Buruk galibiyet - Ali Ece (Fanatik)
Hafta sonu kongrede yaşanan saçmalıkların bu maça yansıması kaçınılmazdı. Beşiktaş iyi başladığı maçta biraz da tribünlerdeki bölünmüşlüğünden etkilendi. Burada tribünde protesto eden ya da etmeyen kimseyi eleştirmiyorum çünkü mevcut Beşiktaş başkanı çok önce taraftarı müşteriye indirgedi. Vida bir kez daha çok sağlam bir stoper performansı sergiledi. Llajic tekniğini konuştururken kreatif katkısını verdi. Atiba zaten doğuştan profesyonellik abidesi, Dorukhan da ona ayak uydurarak gelişiyor. Burak Yılmaz’ın sürekli pozisyon gelişmesini sağlayan hareketliliği takdire şayan. Adriano keşke daha genç olsaydı! Karius, çıkışını sürdürüyor. Bakalım ikinci bir feda sezonu yaşanırsa bu iyi omurgadan geriye ne kalacak?
Gecenin sorusu
Beşiktaş geçen hafta derbide bu maçtaki 11 ile başlasaydı, halen şampiyonluk yarışının içinde olmaz mıydı?
Maçın starı
Adriano keşke Atiba ile beraber Beşiktaş altyapısında görev alsa... Quaresma da goldeki vuruş tekniğini gençlere öğretse...
Maçın olayı
Tribünlerin kafa ve tezahürat karışıklığı. Tarihte ilk kez bir yönetim seçildiğinin ertesi günü bir kısım taraftar tarafından istifaya davet edildi. Bir başka kısmı onları ıslıkladı.
Kısa mesaj
Bu karmaşık atmosferde bile sözleşmesinin profesyonel karşılığını tam olarak alamasa da performans olarak %100 profesyonel davranan Beşiktaşlı oyuncuları kutlamak gerek.
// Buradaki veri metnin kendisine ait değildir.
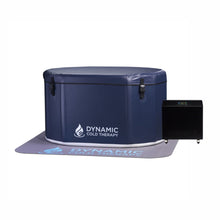 A round, navy blue cold therapy tub with the text DYNAMIC COLD THERAPY on its side, accompanied by a small black cooling unit, all placed on a matching mat.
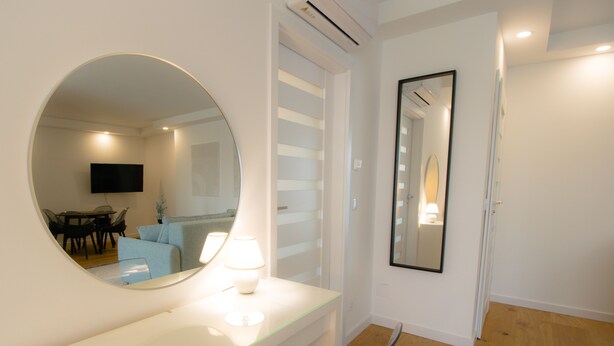 Un baño moderno con un espejo redondo, un tocador blanco y suelo de madera.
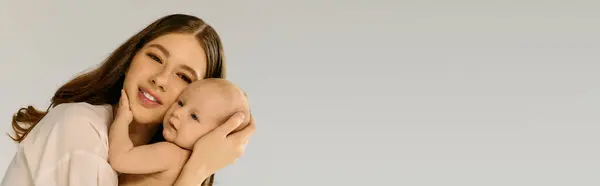 Une jeune mère tient amoureusement son enfant dans un contexte calme, rayonnant de joie. — Photo de stock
Penaltı verse daha doğruydu - Deniz Çoban (Fanatik)
Çakır ve ekibi başarılı sayılabilecek bir performans sergiledi. Maç sonunda, sonuca tesir edecek bir hakem hatası olmadı.
Çakır 3 kez elini cebine attı, gösterdiği sarı kartlarda haklıydı. Bu maçtaki performansıyla MHK’nın de elini rahatlattı.
Çünkü hakem adına yaşanabilecek bir olumsuzlukta önümüzdeki hafta oynanacak ligin kader maçı Galatasaray- Başakşehir maçına atanmasını tartışmalı hale getirebilirdi. Bu maçta belki de hakem adına tartışabilecek tek pozisyon 25. dakikadaki Caner-Welinton arasındaki mücadeleydi. Caner ayağını şut atmak için savurduğunda Welinton ayağını Caner’in savrulan ayağının önüne engel olarak koydu. Çözülmesi çok kolay bir pozisyon değildi ama penaltı kararı verilse daha doğru olurdu.
Quaresma keşke hep böyle oynasa - Ahmet Çakar (Sabah)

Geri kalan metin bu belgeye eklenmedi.